He dressed, and when he went downstairs from the top floor of the rooming house in which he lived, the only sounds he heard were the coarse sounds of sleep; the only lights burning were lights that had been forgotten. Charlie ate some breakfast in an all-night lunch wagon and took an elevated train uptown. From Third Avenue, he walked over to Sutton Place. The neighbourhood was dark. House after house put into the shine of the streetlights a wall of black windows. Millions and millions were sleeping, and this general loss of consciousness generated an impression of abandonment, as if this were the fall of the city, the end of time.
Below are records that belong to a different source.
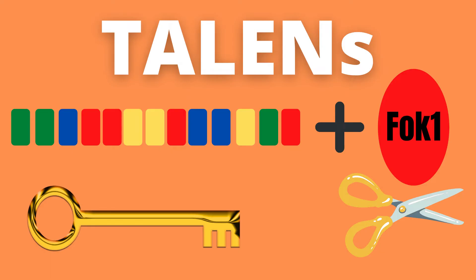If you have watched my video on zinc finger nucleases, this FOK1 enzyme probably sounds familiar, since it is used for the exact same purposes in that technique as well.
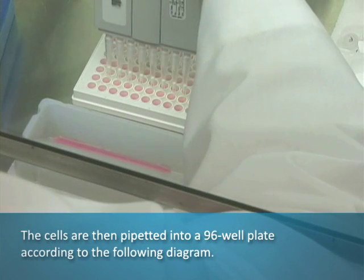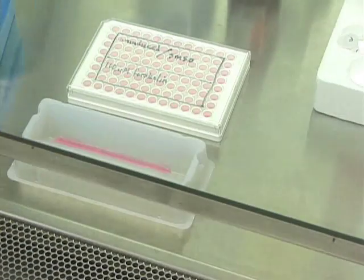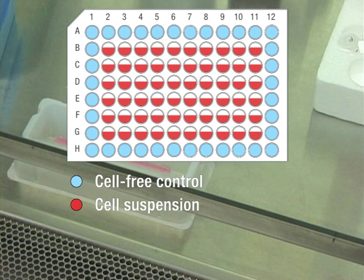The cells are then pipetted into a 96-well plate according to the following diagram. Cell-free assay medium was pipetted at 100 microliters per well around the perimeter of the plate as a background control. 90 microliters of cell suspension were added to the remaining wells.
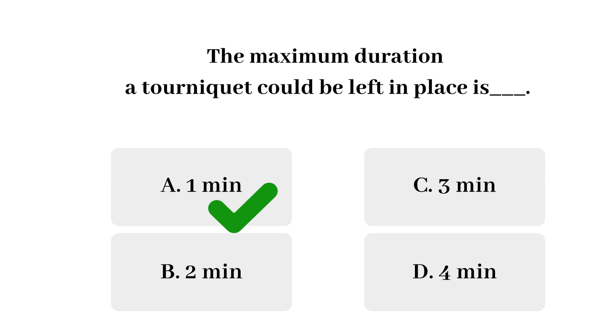Leaving the tourniquet in place for an extended period of time may alter the results of protein-based components as well as red blood cell volumes. That's why seasoned phlebotomists move quickly from start to finish — they have to work fast.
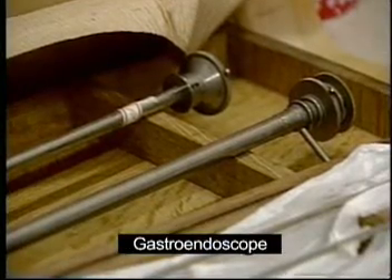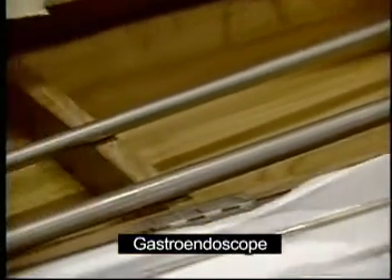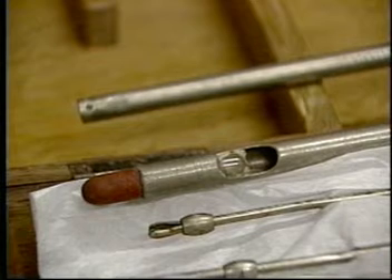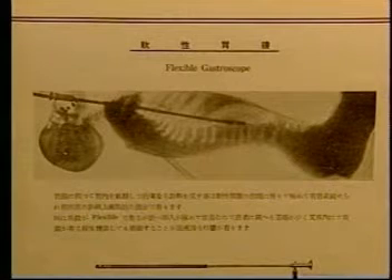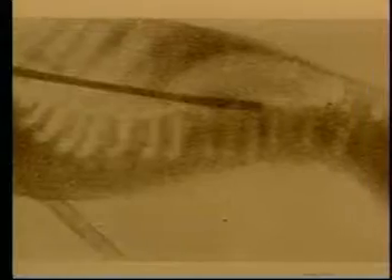The metallic tube, called a gastroendoscope, had an interior mirror and was introduced into the esophagus to look into the stomach, but caused patients enormous pain. The metallic tube could perforate the esophagus and, in some cases, even cause the patient's death. After many accidents, the idea of looking inside the stomach was abandoned worldwide.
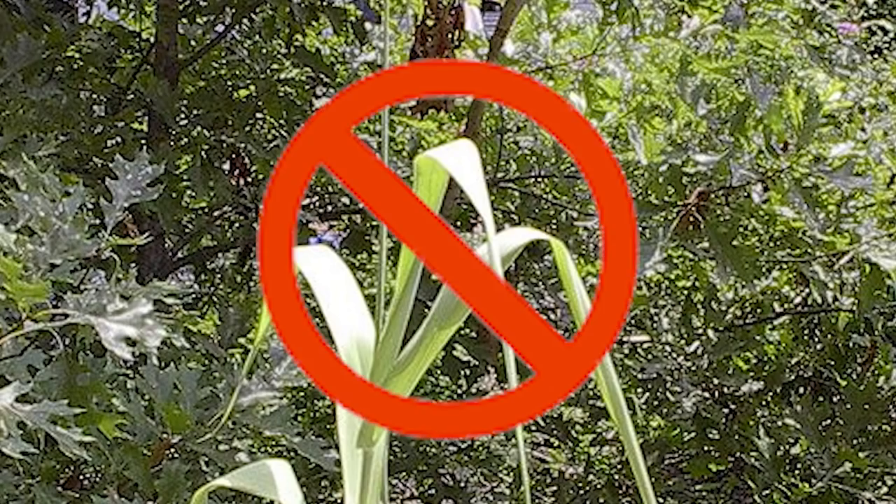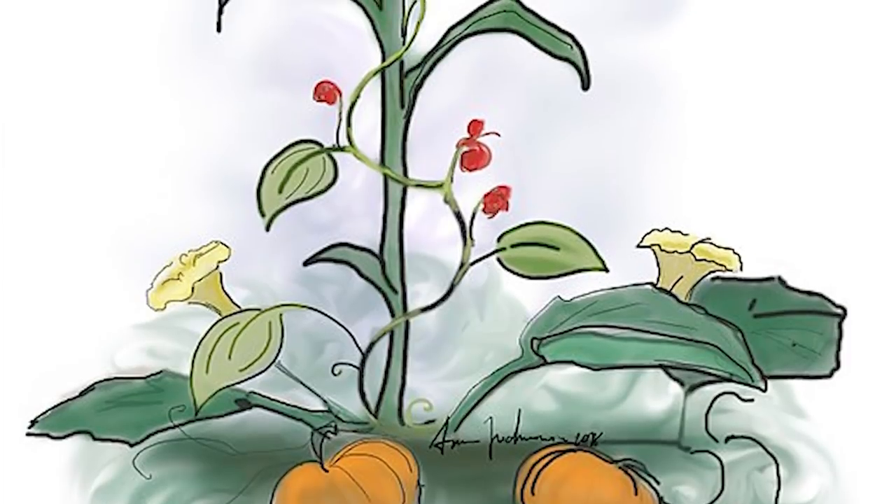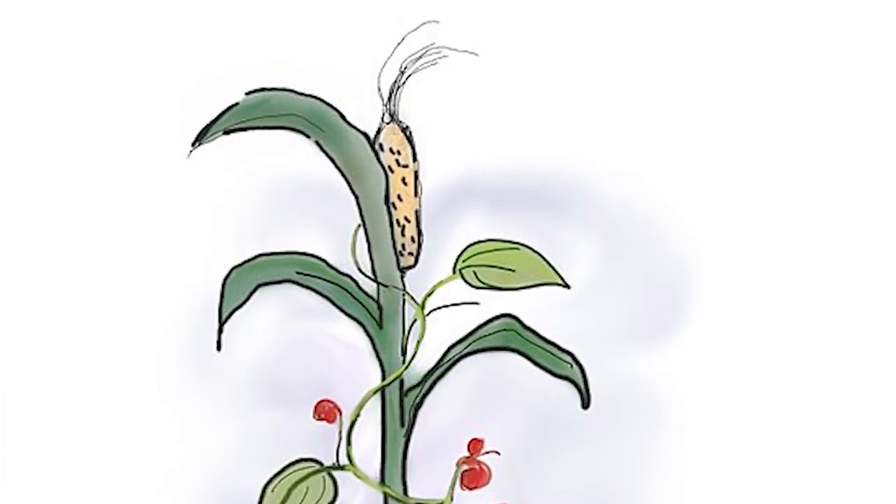Nowadays when we plant corn we usually plant it by itself in rows, but Native Americans would not do that. The traditional Native American method used by Iroquois tribes is different, and that's what we're going to show you today. They would plant corn in clusters together with two specific plants — beans and squash. Those three plants work together to supply nutrients and protect each other, and the foods they produce work together to provide more complete human nutrition, supplying complete plant-based proteins — pretty amazing considering the Iroquois didn't know anything about amino acids or complex carbohydrates.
He opened the iron-and-glass doors of the apartment building where he had been working for six months as an elevator operator, and went through the elegant lobby to a locker room at the back. He put on a striped vest with brass buttons, a false ascot, a pair of pants with a light blue stripe on the seam, and a coat. The night elevator man was dozing on the little bench in the car. Charlie woke him. The night elevator man told him thickly that the day doorman had been taken sick and wouldn't be in that day. With the doorman sick, Charlie wouldn't have any relief for lunch, and a lot of people would expect him to whistle for cabs.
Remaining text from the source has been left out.